### Data excerpts
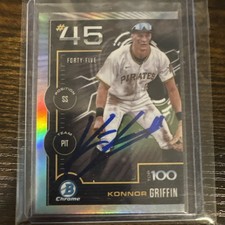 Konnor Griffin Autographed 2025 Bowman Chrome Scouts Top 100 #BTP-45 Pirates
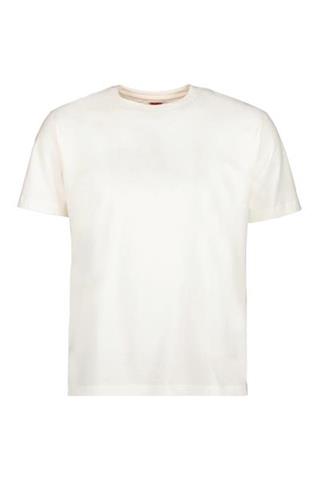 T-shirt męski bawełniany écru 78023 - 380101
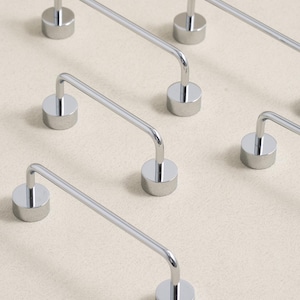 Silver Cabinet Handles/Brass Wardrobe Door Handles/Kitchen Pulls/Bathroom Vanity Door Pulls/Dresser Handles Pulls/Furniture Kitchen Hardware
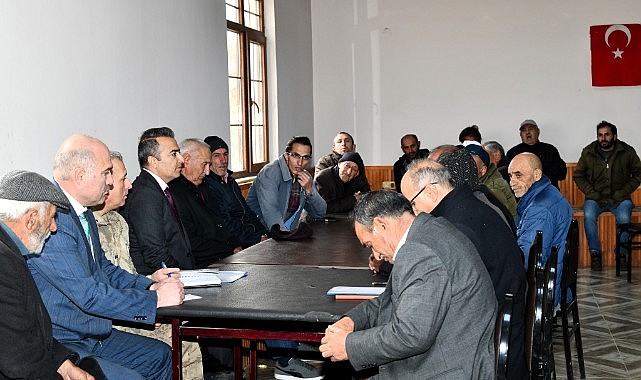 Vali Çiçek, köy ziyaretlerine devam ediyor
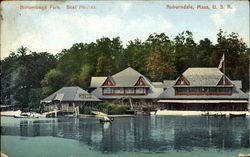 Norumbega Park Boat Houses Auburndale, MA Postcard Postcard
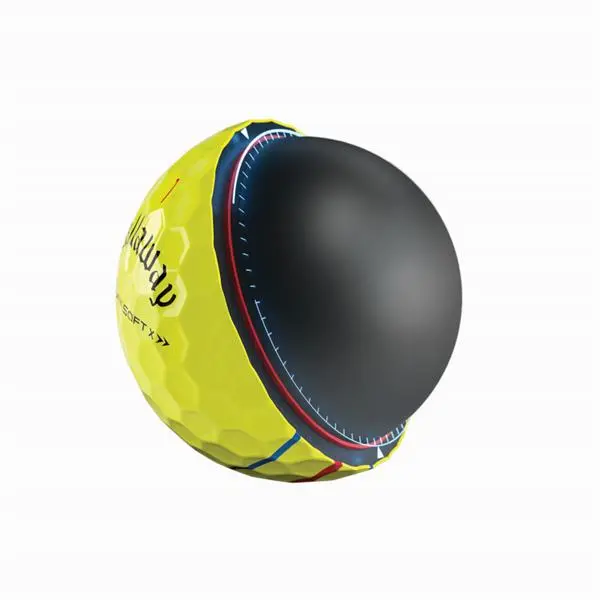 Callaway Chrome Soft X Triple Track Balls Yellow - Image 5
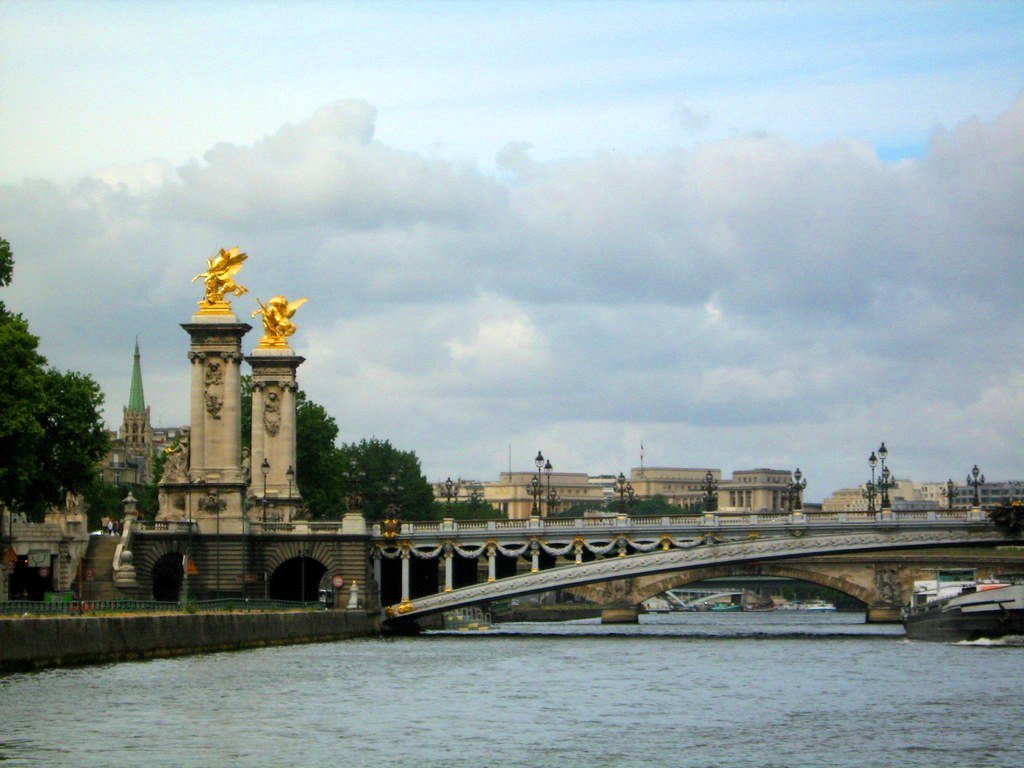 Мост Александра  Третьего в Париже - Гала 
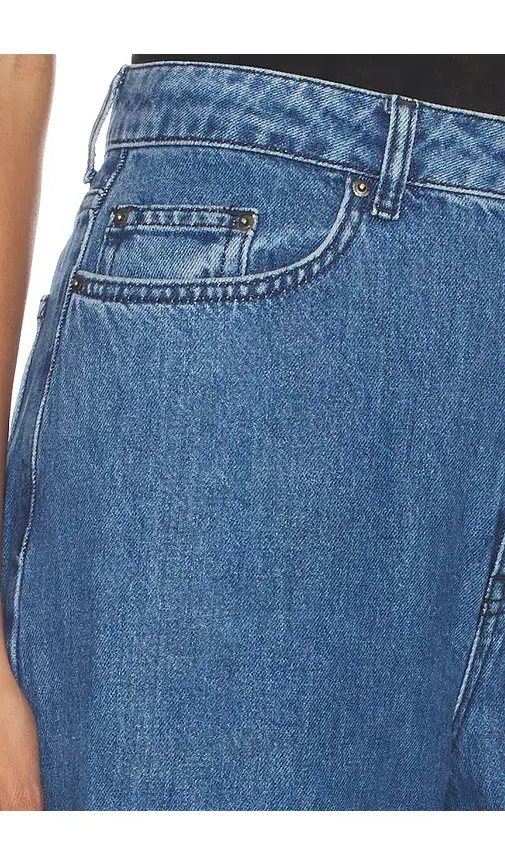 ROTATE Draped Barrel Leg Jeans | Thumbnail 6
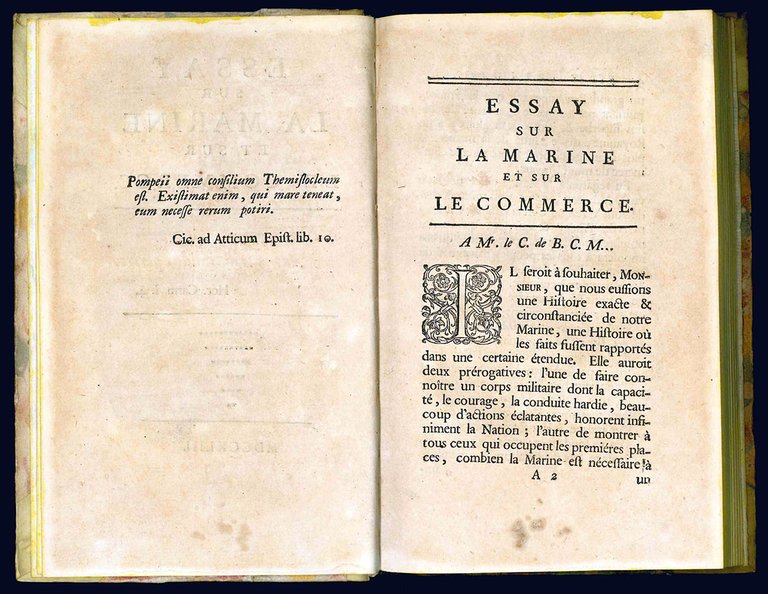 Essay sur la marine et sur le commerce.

### What this task involves
Skipping the images, write out the whole listing exactly.

### Solved exercise
 Konnor Griffin Autographed 2025 Bowman Chrome Scouts Top 100 #BTP-45 Pirates
 T-shirt męski bawełniany écru 78023 - 380101
 Silver Cabinet Handles/Brass Wardrobe Door Handles/Kitchen Pulls/Bathroom Vanity Door Pulls/Dresser Handles Pulls/Furniture Kitchen Hardware
 Vali Çiçek, köy ziyaretlerine devam ediyor
 Norumbega Park Boat Houses Auburndale, MA Postcard Postcard
 Callaway Chrome Soft X Triple Track Balls Yellow - Image 5
 Мост Александра  Третьего в Париже - Гала 
 ROTATE Draped Barrel Leg Jeans | Thumbnail 6
 Essay sur la marine et sur le commerce.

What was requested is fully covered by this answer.